Alle Medien stellen perfekte Körper heraus, doch sind 60 Prozent der Bevölkerung übergewichtig. Die USA sind die Heimat der weltweit größten Zigarettenindustrie und gleichzeitig der meisten "No Smoking"-Schilder an öffentlichen Orten (Wagen Sie nicht, in einem Restaurant zu rauchen: es ist verboten). Während der Prohibition war jedermann betrunken. Das Gesetz verbietet, Alkohol an Jugendliche unter 21 und Tabak an Jugendliche unter 18 Jahren auszugeben. Gestern begegnete ich einem Teenager, der mir erzählte, er habe mit dem Rauchen aufgehört, als er 18 wurde ...
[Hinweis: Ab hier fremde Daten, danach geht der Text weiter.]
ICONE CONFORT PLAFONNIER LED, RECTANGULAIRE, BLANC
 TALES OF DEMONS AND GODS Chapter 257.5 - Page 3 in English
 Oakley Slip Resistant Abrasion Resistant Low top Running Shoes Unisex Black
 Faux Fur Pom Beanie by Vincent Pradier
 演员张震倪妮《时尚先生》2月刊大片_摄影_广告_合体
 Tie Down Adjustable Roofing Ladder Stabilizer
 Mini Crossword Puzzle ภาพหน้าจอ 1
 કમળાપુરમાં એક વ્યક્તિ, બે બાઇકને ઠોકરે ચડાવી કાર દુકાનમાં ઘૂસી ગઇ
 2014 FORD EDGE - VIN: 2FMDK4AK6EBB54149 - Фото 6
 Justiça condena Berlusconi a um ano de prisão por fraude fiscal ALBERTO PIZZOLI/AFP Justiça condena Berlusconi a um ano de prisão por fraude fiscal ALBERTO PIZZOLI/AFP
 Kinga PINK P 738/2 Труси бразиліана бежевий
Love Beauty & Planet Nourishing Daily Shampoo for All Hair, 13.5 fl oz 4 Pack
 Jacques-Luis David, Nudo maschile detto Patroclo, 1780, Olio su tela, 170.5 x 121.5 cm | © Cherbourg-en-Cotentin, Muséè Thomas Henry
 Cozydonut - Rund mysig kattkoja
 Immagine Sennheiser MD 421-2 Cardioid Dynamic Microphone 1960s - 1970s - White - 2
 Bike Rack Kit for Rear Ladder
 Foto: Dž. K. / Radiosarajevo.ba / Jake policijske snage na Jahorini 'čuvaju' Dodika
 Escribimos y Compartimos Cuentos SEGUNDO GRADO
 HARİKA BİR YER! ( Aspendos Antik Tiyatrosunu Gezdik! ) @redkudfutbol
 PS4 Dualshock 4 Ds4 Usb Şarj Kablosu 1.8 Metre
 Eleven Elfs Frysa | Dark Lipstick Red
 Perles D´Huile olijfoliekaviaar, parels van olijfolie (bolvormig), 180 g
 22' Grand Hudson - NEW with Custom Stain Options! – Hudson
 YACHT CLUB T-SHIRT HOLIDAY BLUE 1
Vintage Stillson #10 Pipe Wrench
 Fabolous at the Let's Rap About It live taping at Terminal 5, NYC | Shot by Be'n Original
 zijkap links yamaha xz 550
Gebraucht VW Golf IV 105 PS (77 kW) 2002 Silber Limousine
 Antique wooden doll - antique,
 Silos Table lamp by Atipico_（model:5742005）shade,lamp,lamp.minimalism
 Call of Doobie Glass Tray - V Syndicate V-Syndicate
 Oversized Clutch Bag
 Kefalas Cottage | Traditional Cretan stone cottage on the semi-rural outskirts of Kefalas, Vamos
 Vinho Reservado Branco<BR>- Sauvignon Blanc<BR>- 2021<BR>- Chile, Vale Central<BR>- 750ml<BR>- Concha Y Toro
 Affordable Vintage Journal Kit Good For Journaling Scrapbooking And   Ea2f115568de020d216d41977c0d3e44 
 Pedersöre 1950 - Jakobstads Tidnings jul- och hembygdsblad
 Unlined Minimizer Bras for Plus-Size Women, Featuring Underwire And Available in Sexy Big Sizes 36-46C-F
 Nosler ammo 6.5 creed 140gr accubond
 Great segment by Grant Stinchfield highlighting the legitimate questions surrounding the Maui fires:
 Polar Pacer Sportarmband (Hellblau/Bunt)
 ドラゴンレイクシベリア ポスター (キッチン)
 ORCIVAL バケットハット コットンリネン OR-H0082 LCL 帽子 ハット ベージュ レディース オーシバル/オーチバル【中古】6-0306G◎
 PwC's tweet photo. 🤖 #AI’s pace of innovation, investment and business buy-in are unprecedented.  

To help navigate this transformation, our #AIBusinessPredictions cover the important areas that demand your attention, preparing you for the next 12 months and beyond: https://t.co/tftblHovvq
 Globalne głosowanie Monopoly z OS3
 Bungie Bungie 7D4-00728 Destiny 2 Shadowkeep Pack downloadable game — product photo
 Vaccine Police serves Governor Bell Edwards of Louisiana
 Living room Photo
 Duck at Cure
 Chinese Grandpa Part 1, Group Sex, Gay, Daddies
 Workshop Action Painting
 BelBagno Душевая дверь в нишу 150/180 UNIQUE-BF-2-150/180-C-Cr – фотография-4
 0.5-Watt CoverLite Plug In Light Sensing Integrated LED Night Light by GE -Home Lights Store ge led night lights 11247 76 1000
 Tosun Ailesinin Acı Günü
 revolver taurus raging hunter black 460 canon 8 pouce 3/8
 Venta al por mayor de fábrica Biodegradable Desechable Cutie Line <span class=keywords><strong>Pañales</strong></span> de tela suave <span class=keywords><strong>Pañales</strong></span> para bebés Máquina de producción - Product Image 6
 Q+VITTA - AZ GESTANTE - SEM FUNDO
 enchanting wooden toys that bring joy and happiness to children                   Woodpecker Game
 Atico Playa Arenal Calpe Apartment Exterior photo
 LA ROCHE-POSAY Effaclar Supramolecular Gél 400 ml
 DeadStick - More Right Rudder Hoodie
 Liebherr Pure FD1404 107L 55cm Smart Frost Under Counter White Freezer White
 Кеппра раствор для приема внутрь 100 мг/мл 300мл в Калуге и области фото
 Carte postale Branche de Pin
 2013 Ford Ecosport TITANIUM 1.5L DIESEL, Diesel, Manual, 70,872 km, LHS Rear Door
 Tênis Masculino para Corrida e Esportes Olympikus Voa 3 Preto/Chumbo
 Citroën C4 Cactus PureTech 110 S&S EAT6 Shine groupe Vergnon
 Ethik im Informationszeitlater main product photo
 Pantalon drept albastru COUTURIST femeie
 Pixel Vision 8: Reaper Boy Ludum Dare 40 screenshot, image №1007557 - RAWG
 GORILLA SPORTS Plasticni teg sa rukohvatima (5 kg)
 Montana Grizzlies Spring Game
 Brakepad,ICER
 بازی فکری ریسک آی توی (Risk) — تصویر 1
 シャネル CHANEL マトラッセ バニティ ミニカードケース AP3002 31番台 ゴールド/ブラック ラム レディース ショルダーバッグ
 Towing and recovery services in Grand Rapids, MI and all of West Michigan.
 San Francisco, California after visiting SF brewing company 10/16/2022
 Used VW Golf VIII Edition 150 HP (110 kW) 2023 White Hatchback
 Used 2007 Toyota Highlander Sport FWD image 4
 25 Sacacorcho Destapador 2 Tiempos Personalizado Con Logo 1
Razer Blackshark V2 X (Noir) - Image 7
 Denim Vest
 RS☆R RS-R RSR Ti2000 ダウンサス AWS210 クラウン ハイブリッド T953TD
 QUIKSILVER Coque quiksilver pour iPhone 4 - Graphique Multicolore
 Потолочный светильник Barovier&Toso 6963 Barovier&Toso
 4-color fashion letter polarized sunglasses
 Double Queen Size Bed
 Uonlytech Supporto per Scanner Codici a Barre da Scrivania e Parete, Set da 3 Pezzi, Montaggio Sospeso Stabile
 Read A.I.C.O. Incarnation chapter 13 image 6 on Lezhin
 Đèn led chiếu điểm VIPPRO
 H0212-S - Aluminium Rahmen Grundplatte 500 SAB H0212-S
Jede Werbung zehrt von der sexuellen Obsession, doch wird es für einen Mann als unschicklich angesehen, seine Oberschenkel auch nur beim Baden zu zeigen. Deswegen gibt es die doof aussehenden Bermuda-Badehosen, an denen wir die Amerikaner erkennen. Nachdem man zuerst die Idee und dann das Produkt der Blue-Jeans und der T-Shirts an den Rest der Welt verkauft hatte, verbannte man sie großteils für die eigenen Bürger und reduzierte sie auf eine Freizeitkleidung, in der ein Erwachsener vielleicht zum Fischen, aber nicht zu viel mehr gehen kann.

Wir leben grundsätzlich in einem Land der Lüge und der Heimat der Langweiler, aber, bitte, sagen Sie das niemandem weiter! Um was geht es also, wenn man einen Präsidenten hat, der ein Lügner ist? Er ist einfach ein Produkt dieser Gesellschaft! Er lügt nicht. Er hat vielleicht in die Irre geführt oder getäuscht, aber nicht gelogen. Wie kann man eine Lüge in einem Land charakterisieren, in dem Lügen so weit verbreitet ist, daß die Grenze zwischen Wahrheit und Lüge verschwimmt und oft mißachtet wird? Wenn Pat Robertson glaubt, daß die ganze Gesellschaft von der Sünde gereinigt werde, wenn Bill Clinton seines Amtes enthoben wird, so wie Jesus gekreuzigt wurde, weil er ein Produkt dieses Landes ist, dann sollte er sich die Geschichte der christlichen Gesellschaft einmal genauer ansehen, zu der er und Clinton gehören: das funktioniert nicht.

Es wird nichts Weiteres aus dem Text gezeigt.